Per la ‘senatrice’ del Centro è «positivo» che il Parlamento si sia mosso. «Non può essere che un tribunale si metta a fare politica, anziché limitarsi a interpretare la Convenzione europea dei diritti dell’uomo». La separazione dei poteri va «naturalmente tenuta in grande considerazione». Ma quando una sentenza è «dettata a tal punto da motivazioni politiche, bisogna intervenire in un qualche modo. In questi casi – dichiara Gmür alla ‘Regione’ – formulare una critica è assolutamente legittimo e opportuno. Bisogna far presente che il popolo svizzero nel 2021 ha respinto la legge sul CO2. E che noi non possiamo fare leggi che contraddicono la volontà popolare, ma solo rimetterci al lavoro per cercare nuove soluzioni di compromesso».

Cosmesi e sostanza

Anche Matthias Michel (Plr/Zg) propone di stralciare il passaggio problematico. Ma se Andrea Gmür lo vorrebbe semplicemente rimpiazzare con un generico “la Svizzera rispetta i suoi impegni internazionali in materia di clima”, il collega lascerebbe in pratica intatta la seconda parte: “Considerati i suoi sforzi passati e attuali in materia di politica climatica, la Svizzera ritiene che i requisiti in materia di diritti umani formulati nella sentenza siano soddisfatti”.

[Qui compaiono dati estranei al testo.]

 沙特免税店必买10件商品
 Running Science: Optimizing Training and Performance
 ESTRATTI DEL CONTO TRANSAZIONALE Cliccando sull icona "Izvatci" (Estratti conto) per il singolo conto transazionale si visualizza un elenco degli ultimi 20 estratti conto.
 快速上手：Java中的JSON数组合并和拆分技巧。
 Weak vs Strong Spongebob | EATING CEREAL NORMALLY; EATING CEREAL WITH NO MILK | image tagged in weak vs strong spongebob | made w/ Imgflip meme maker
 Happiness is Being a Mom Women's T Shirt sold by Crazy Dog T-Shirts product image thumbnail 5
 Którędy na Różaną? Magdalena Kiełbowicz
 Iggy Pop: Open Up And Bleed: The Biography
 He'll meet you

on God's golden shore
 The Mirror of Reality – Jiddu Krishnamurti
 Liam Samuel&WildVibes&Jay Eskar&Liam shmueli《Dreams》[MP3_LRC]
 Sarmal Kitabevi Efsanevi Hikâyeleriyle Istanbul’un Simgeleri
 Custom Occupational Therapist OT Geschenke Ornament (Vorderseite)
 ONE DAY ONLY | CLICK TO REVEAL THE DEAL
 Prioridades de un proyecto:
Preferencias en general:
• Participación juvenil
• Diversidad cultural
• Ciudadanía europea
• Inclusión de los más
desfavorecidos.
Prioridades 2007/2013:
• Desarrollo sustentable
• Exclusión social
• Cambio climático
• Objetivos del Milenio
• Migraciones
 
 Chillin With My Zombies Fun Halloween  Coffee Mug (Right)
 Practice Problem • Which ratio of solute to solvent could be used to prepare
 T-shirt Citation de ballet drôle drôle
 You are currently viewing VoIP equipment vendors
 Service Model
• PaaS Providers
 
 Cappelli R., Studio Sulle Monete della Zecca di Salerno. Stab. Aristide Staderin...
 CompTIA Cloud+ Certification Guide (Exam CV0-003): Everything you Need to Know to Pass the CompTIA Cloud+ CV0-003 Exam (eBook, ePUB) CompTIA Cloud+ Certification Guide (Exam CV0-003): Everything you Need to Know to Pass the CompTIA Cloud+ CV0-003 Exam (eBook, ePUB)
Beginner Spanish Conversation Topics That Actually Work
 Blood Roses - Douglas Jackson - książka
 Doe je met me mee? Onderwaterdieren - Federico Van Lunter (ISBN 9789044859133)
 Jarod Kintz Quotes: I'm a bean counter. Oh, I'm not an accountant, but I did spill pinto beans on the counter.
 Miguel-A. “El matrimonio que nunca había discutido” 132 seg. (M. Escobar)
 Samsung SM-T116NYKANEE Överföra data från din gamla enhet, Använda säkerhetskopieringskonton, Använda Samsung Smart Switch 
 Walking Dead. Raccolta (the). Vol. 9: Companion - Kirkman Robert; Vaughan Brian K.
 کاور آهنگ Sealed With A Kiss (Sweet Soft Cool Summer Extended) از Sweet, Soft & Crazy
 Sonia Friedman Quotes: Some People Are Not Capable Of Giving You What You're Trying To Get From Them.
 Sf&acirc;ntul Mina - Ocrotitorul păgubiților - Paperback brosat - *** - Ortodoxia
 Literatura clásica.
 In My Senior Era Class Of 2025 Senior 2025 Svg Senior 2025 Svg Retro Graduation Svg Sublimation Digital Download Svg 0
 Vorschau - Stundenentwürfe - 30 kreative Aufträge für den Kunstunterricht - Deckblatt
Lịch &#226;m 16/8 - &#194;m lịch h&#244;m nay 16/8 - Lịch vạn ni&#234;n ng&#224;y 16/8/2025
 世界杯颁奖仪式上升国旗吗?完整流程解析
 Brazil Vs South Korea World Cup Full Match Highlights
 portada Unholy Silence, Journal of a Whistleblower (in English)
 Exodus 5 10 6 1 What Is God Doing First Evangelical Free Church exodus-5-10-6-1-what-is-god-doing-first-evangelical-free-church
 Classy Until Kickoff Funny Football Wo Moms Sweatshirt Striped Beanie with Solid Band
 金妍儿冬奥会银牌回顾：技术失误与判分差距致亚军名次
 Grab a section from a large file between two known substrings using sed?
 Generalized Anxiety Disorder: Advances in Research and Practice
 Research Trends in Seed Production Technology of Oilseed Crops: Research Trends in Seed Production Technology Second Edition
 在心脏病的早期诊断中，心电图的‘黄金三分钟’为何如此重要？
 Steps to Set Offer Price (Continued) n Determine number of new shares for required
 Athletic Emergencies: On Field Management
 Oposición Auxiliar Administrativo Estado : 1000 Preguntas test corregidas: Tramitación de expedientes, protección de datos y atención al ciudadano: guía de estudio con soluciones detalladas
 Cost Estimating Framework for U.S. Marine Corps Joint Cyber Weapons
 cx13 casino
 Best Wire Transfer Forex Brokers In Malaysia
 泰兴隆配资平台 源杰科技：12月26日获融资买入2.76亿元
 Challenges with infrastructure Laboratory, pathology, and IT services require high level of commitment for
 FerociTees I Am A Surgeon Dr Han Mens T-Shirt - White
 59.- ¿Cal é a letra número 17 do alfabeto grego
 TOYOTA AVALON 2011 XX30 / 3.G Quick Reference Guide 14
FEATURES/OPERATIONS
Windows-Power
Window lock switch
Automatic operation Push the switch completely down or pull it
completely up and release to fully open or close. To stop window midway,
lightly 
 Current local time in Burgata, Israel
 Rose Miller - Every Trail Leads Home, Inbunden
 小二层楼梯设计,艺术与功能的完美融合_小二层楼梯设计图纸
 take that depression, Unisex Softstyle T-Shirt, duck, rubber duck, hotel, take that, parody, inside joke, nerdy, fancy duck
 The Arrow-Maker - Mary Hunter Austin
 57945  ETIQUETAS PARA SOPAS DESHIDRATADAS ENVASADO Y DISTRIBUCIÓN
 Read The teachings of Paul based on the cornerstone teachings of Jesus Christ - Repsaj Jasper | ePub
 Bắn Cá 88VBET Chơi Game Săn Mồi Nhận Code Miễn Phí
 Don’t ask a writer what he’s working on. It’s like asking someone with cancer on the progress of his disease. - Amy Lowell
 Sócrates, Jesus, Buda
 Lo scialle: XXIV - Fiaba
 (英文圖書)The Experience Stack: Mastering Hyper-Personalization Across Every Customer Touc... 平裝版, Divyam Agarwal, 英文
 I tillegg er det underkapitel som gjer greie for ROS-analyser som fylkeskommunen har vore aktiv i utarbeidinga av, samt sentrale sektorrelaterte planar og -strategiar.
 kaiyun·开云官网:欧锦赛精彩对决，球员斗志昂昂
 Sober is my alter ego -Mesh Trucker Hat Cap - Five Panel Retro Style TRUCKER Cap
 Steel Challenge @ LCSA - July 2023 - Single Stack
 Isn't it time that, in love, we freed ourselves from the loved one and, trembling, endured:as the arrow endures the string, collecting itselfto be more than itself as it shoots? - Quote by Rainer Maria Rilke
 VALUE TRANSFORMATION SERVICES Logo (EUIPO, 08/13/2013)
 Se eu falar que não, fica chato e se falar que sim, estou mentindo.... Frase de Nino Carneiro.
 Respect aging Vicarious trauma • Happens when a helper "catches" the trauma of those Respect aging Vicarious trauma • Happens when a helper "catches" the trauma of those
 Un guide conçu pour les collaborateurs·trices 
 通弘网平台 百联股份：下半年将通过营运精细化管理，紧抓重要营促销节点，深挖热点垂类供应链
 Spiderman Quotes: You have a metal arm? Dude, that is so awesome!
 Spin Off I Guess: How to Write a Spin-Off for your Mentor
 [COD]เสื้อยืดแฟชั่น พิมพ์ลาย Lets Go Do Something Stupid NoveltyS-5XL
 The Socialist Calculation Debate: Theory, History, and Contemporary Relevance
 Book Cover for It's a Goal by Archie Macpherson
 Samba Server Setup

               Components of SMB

In un caso come in un altro, la sostanza non cambierebbe: più o meno edulcorata che sia, una Dichiarazione del Parlamento svizzero invierebbe un segnale politico di un certo peso. All’indirizzo della Corte Edu. E, di riflesso, a tutti gli altri Stati membri del Consiglio d’Europa.

Di cosa parliamo

Una sentenza, un vespaio

Il 9 aprile la Corte europea dei diritti dell’uomo (Corte Edu) ha condannato la Svizzera per aver violato segnatamente l’articolo 8 della Convenzione europea per la salvaguardia dei diritti dell’uomo, ovvero il diritto al rispetto della vita privata e familiare, in quanto non ha preso sufficienti misure per mitigare gli effetti dei cambiamenti climatici. La causa era stata intentata dall’associazione ‘Anziane per il clima’, sostenuta da Greenpeace Svizzera. È la prima volta che i giudici di Strasburgo condannano uno Stato per mancanza di iniziative contro il cambiamento del clima, legando la tutela dei diritti umani al rispetto degli obblighi ambientali. La sentenza ha carattere vincolante, obbliga cioè la Svizzera a conformarsi. Spetterà al Comitato dei ministri del Consiglio d’Europa controllare le misure che la Confederazione vorrà adottare per rimediare alle carenze. Il verdetto ha suscitato un vespaio in Svizzera. Critiche sono giunte in particolare da eminenti esperti di diritto, che accusano tra l’altro i giudici di Strasburgo di aver oltrepassato le proprie competenze. Anche il Parlamento si è mosso: le Commissioni degli affari giuridici delle due Camere hanno elaborato una ‘Dichiarazione’ con la quale si chiede al Consiglio federale di intervenire presso il Consiglio d’Europa per far conoscere la posizione della Confederazione e comunicare che “la Svizzera non vede (...) alcuna ragione per dare ulteriore seguito alla sentenza”.